··· RECORD EXCERPTS ···
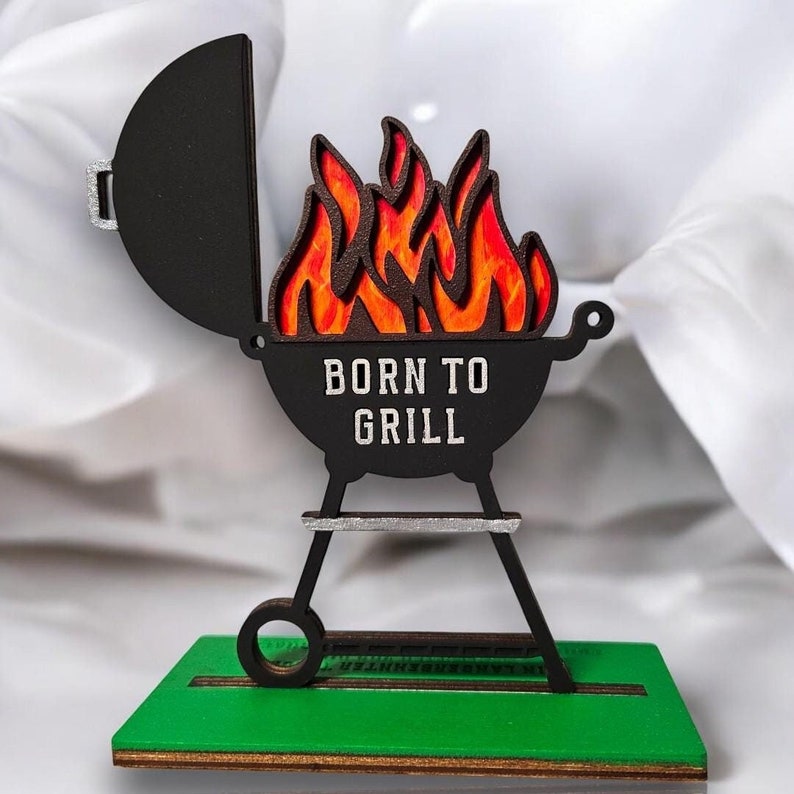 K&ouml;nnte beinhalten: Ein schwarzer und roter Grill aus Holz mit Flammenmuster und dem Text "Born to Grill".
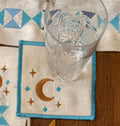 Decorative table setting with gold cutlery, plates, and a patterned placemat.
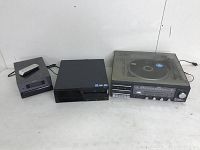 Overview of all items in the lot: mini DVD player with remote, computer tower, and record/cassette/AM-FM radio system with turntable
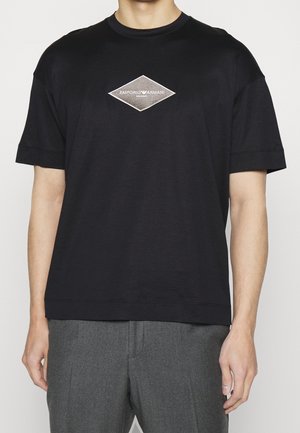 T-shirt en coton noir avec un col rond, des manches courtes et un logo en forme de diamant argenté au centre, avec des accents brodés.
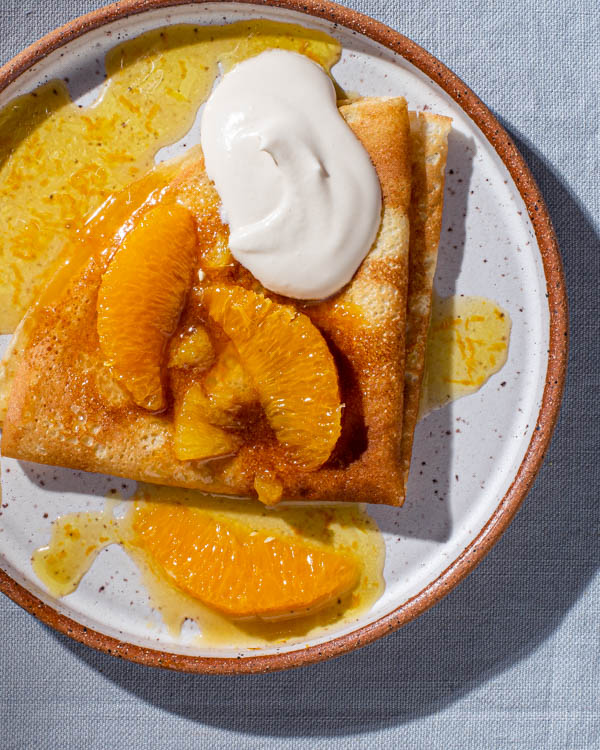 A crepe on a plate topped with beurre Suzette, orange segments, and brown sugar whipped sour cream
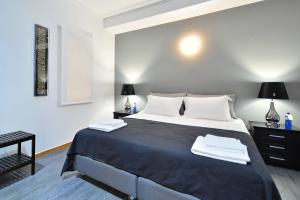 Posteľ alebo postele v izbe v ubytovaní Plaka Elegant Apartment
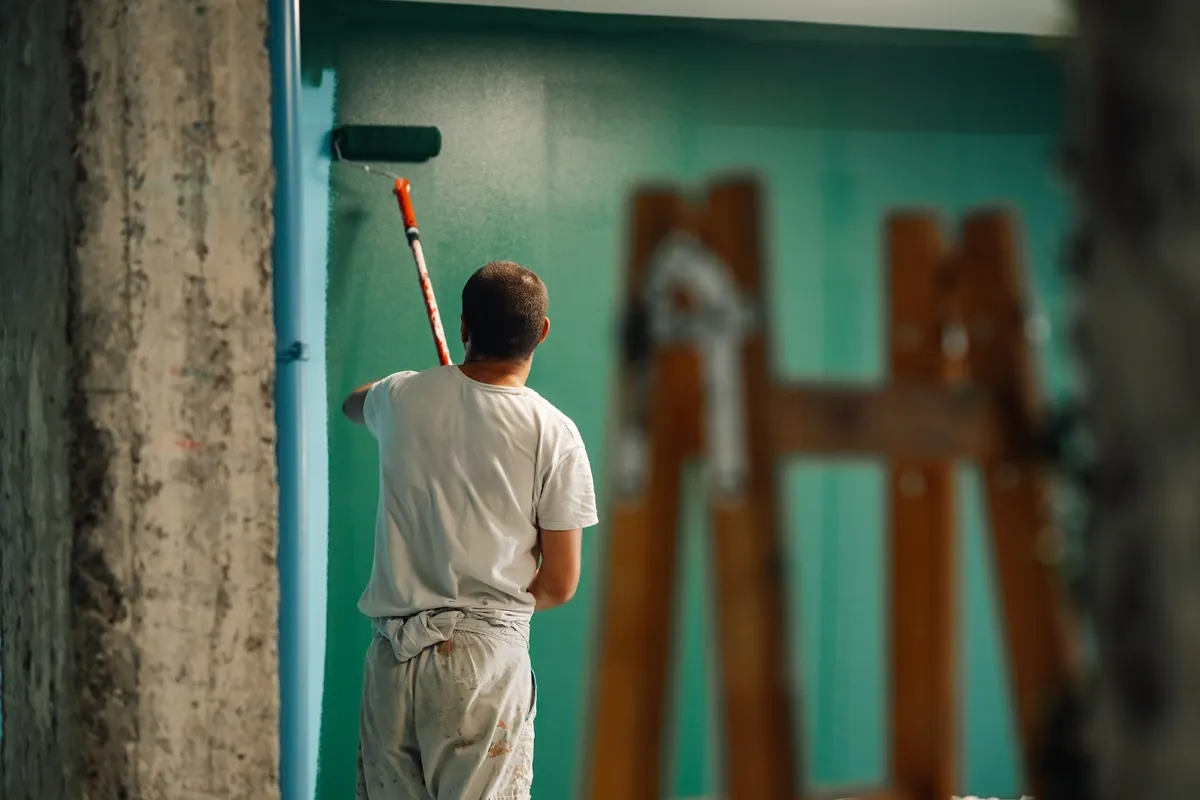 Painter rolling teal paint onto a wall
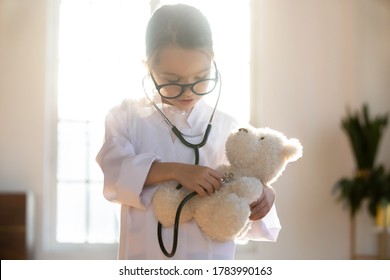 Close Up Pretty Little Girl Playing Doctor, Using Stethoscope, Holding Fluffy Toy Bear, Checking Heart Or Breath, Preschool Child Wearing White Coat Uniform And Glasses Pretending Pediatrician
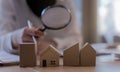 Woman bank officer or appraiser using magnifying glass to check miniatures house model. Royalty Free Stock Photo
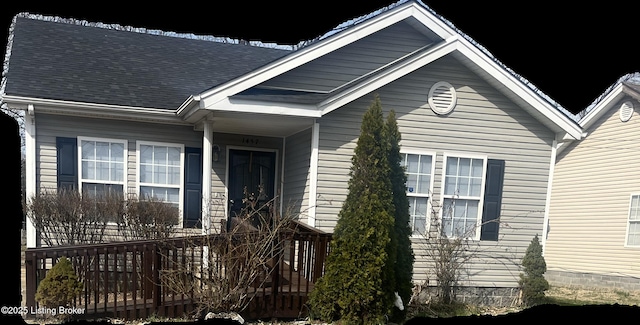 view of exterior entry with roof with shingles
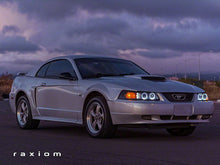 Load image into Gallery viewer, Raxiom Projector Headlights Ford Mustang SN95 (99-04) [Dual LED Halo] Chrome Housing/ Clear Lens or Black Housing/ Smoked Lens Alternate Image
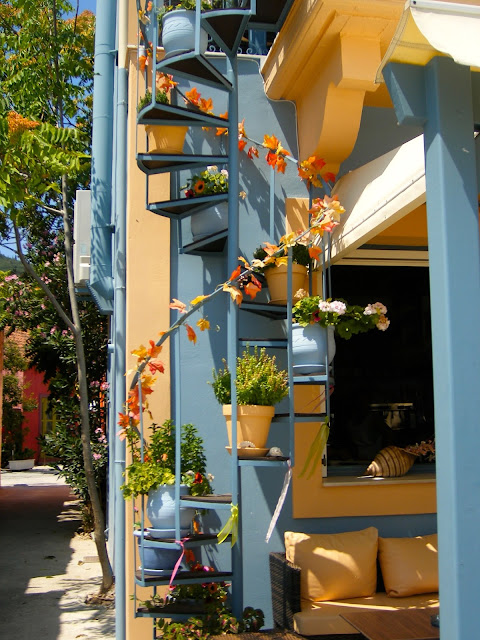 Spiral stair with flowerpots on colourful building | Architecture in the town of Fiskardo, Kefalonia, Greece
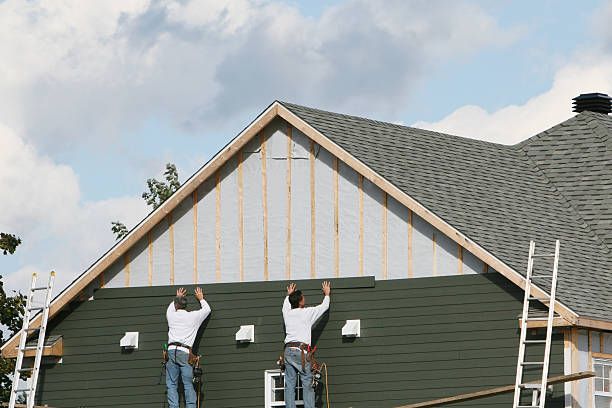 Professional Siding Installation technician working in Austin, IN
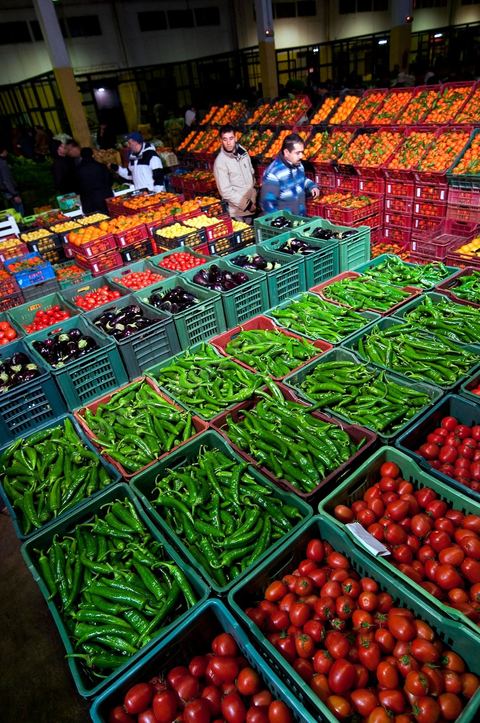 Etale et vendeurs de tomates, poivrons et oranges à la Halle aux fruits et légumes du marché de gros de Tunis à El MouroujHalle aux fruits et légumes du marché de gros de Tunis à El Mourouj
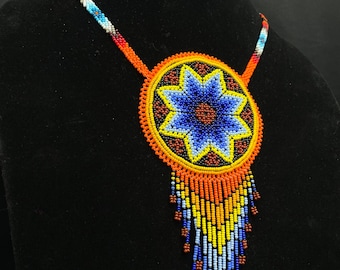 May include: A beaded necklace with a large, round pendant featuring a colorful starburst design. The pendant is surrounded by a fringe of beads in shades of orange, yellow, and blue.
···
_WHAT YOU ARE ASKED TO DO_
Starting at the line that contains "Etale et vendeurs", output every line through the end of the data, both ends included, and nothing else; pictures stay out.

_TASK OUTPUT_
 Etale et vendeurs de tomates, poivrons et oranges à la Halle aux fruits et légumes du marché de gros de Tunis à El MouroujHalle aux fruits et légumes du marché de gros de Tunis à El Mourouj
 May include: A beaded necklace with a large, round pendant featuring a colorful starburst design. The pendant is surrounded by a fringe of beads in shades of orange, yellow, and blue.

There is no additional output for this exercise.